Manchmal passiert's aber dann, daß mir irgend jemand unbekanntes nett kommt. Vielleicht, weil er oder sie gerade besonders gut drauf ist - oder weil er / sie mich aufmuntern will.
Es ist komisch, weil es eigentlich jeder wissen müßte, daß Menschen soziale Wesen sind und deshalb grundsätzlich immer den Wunsch nach Kontakt haben. Trotzdem machen wir es uns mit Kultur, Erwartung und Verhaltensweisen unglaublich schwer, auch nur das geringste Signal zu senden. Macht man nicht, ist unanständig, ist Anmache, proletenhaft -
Es hat bei mir sehr lange gedauert, bis ich es fertiggebracht habe, mich nicht mehr in der Auswahl zu beschränken. Wenn ich mir schon die Blöße gebe, mich als Anschlußsuchender zu outen, dachte ich, dann muß es ein Mensch sein auf meiner Wellenlänge, auf meinem Niveau.
Naja, ich bin fast immer überrascht worden, wie wenig der Mensch, den ich kennenlernte, mit dem zu tun hatte, was ich vielleicht von ihm dem Äußeren nach erwartet hätte.

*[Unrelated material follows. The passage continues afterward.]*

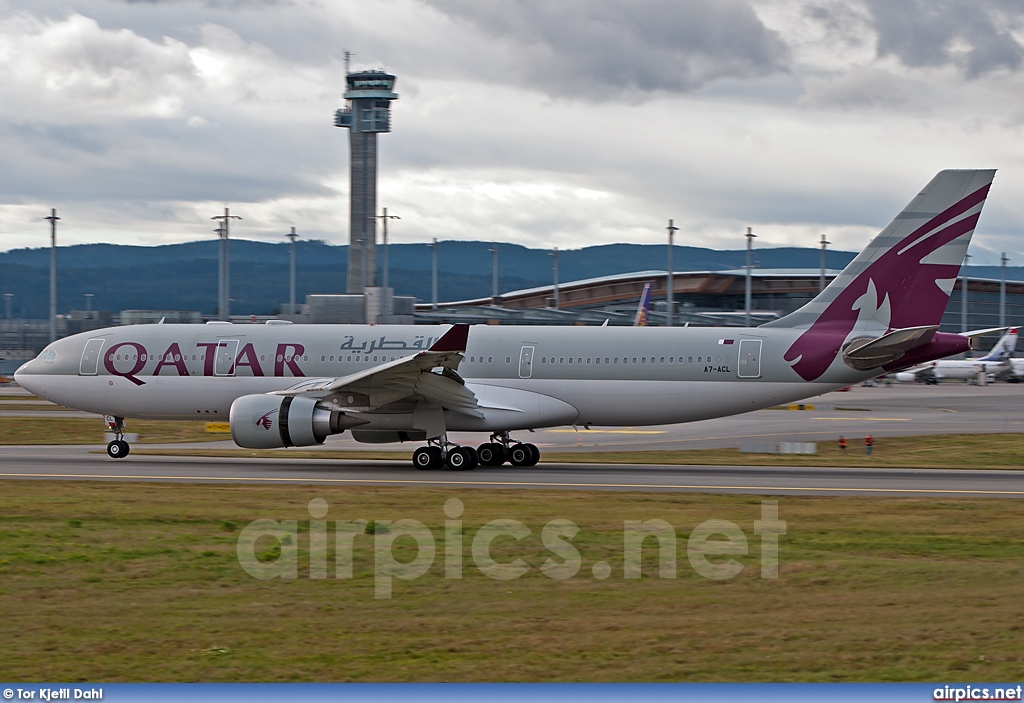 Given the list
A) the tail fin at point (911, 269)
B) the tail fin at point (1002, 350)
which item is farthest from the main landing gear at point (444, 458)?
the tail fin at point (1002, 350)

Und wenn er auch ganz anders war als ich, ich ihn nie mehr wiedersehen würde, begriff ich doch allmählich, daß mir der andere von seinem Leben Dinge erzählen konnte, die ich selber nie gesehen hätte, Gedanken nahebringen, die mir in meinem Horizont unerreichbar gewesen wären.

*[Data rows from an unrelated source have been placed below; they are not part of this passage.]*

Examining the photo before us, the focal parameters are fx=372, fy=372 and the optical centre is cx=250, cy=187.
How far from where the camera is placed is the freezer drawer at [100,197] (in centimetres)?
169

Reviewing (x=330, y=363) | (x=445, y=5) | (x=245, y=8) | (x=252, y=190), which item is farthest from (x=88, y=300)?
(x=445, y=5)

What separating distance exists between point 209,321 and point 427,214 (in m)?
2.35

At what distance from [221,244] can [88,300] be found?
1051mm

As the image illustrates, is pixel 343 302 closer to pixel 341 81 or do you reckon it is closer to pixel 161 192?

Stell Dir einfach vor, du bist nicht im übervölkerten Deutschland mit seinen Checklisten und Statussymbolen, sondern eine Hütte in Anatolien, und es kommt ein Wanderer vorbei. Denn da sind in unseren Städten genügend auf einsamem Weg, in den Cafes und Bars, in den Diskotheken und Spielsalons, in den Büros und Geschäften. Die sich - genau wie du selbst - fühlen, als wäre kein menschliches Wesen weit und breit. Die sich freuen, wenn jemand bei ihnen anklopft oder sie begrüßt als Mitlebender, Mitreisender in dieser unserer Zeit.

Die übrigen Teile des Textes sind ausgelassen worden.